It would have been obvious to a person of ordinary skill in the art before the effective filing date of the claimed invention to combine the teachings of (B) Rathod with those of (A) Li to provide for an aggregate total score incorporating a plurality of performance metrics of each type of computing device. The motivation or advantage to do so is to allow for the ranking of a set (multiple) performance metrics using a single objective function or equation.
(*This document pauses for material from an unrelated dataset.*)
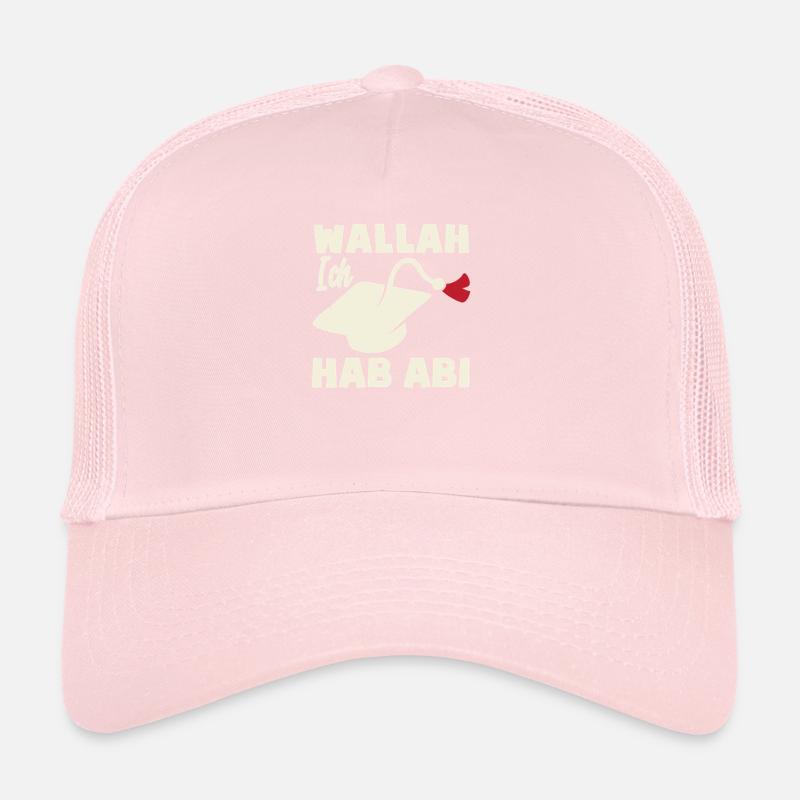 J’ai la devise de l’obtention du diplôme du A-Level Casquette trucker 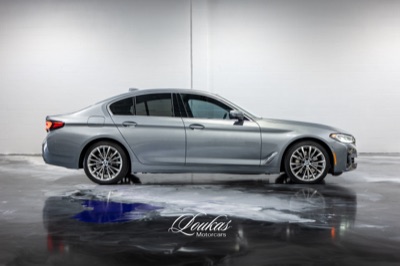 2023 BMW 530i, photograph 6 of 24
13. Regarding claim 2, Rathod teaches or suggests:
“receiving, by the application client, execution statistics corresponding to execution of the at least one job on the one or more nodes of the heterogeneous cluster”
(¶ 28: analyze the performance metrics 138 collected for each model application environment 136 (including the current application environment 120);
¶ 31: sort the performance metrics 138 collected for each model application environment 136 (including the current application environment 120) based on one or more requirements of the software application 112, for example, by placing a higher priority on performance metrics 138 that are associated with the one or more requirements of the software application 112);
“determining, by the application client, an aggregate runtime performance score corresponding to the first type of worker node for the at least one job based at least in part on the execution statistics”
(¶ 32: compare one or more model application environments 136 with the current application environment 120 based on the performance scores of a prioritized performance metric 138 (e.g., database performance, application server performance etc.). If application manager 130 determines that a model application environment 136 has a higher score for the performance metric 138 as compared to the respective score of the performance metric 138 collected for the current application environment 120 …).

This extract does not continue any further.